Religious toleration as a foreign-policy aim

اضيف الخبر في يوم الثلاثاء ٠٥ - مارس - ٢٠١٣ ١٢:٠٠ صباحاً.


 

FOR Katrina Lantos Swett, who chairs one of the two American agencies that are mandated to monitor religious freedom, life is full of pleasant and unpleasant surprises. On a trip to the Middle East a few weeks ago, she had a brusque encounter with a senior member of Egypt’s new administration who adheres to the zealous Salafi reading of Islam. As the daughter of two holocaust survivors, Ms Swett told him of her personal horror over recently unearthed statementsby Egypt’s new President Mohamed Morsi, who in 2010 urged Egyptians to “nurse their children and grandchildren” on hatred for Jews and Zionists.
Yet American religious freedom-watchers see a perpetual risk of their cause being subordinated completely to other foreign-policy concerns. Some of the most repressive regimes and societies (Uzbekistan and Pakistan, for example) are countries whose help is needed by NATO in Afghanistan; an excessively sharp rebuke to either Egypt or Saudi Arabia would risk disrupting a long-standing strategic partnership.

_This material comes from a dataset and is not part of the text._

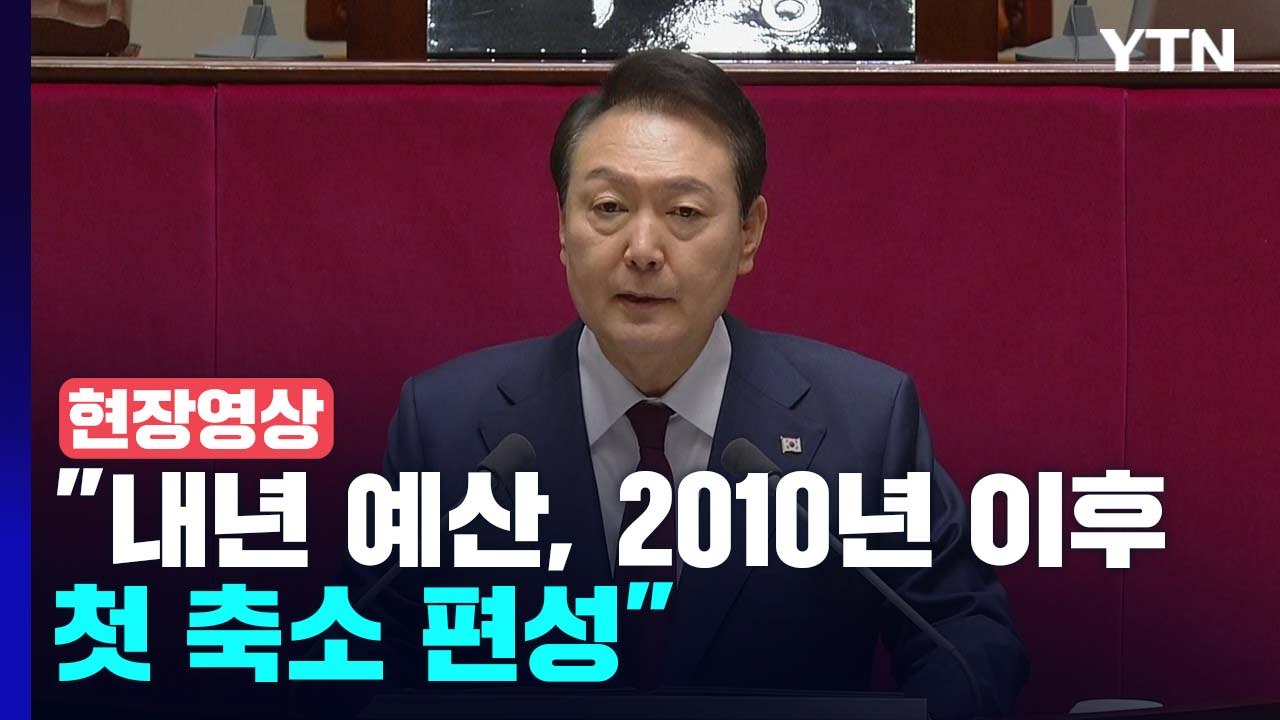 [현장영상+] 尹 "내년 예산, 2010년 이후 첫 축소 편성...건전 재정 전환점" / YTN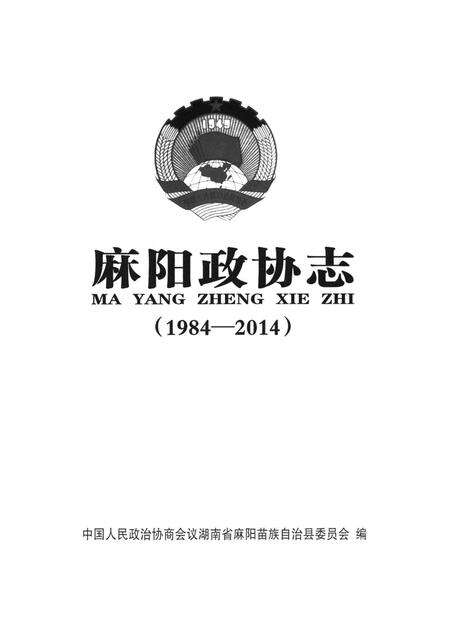 麻阳政协志（1984—2014）.pdf电子版_湖南省志预览图4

That is one why reason why campaigners for religious freedom are apprehensive about how much attention, if any, the new secretary of state John Kerry will pay to their cause. “The work of the US Commission has been a model for other Western countries. It would be ironic if the United States were to lose interest in religious freedom just as other countries were starting to imitate us,” says Elizabeth Prodromou, a former vice-chair of the commission and professor at Boston University.
Nina Shea, who heads a project on religious freedom at the Hudson Institute, a conservative think-thank, says she will be watching closely to see whether the new Obama administration acknowledges or denies the religious element in some of the world’s bloodiest conflicts. She was dismayed, for example, when a State Department official seemed to ascribe Nigeria’s bomb attacks on Christians more to poverty than to religious zealotry.
Whether they work inside the corridors of power or outside them, all religious-freedom advocates in Washington, DC, find they have to make pragmatic arguments as well as moral ones. “There are good national-security reasons to invest in religious liberty,” insists Ms Swett. “A country’s respect for religious freedom correlates with many other desirable things, like higher living standards, more democracy, greater rights for women…these are the sort of allies we want to have. This is in our hard interest, not just a soft moral imperative.”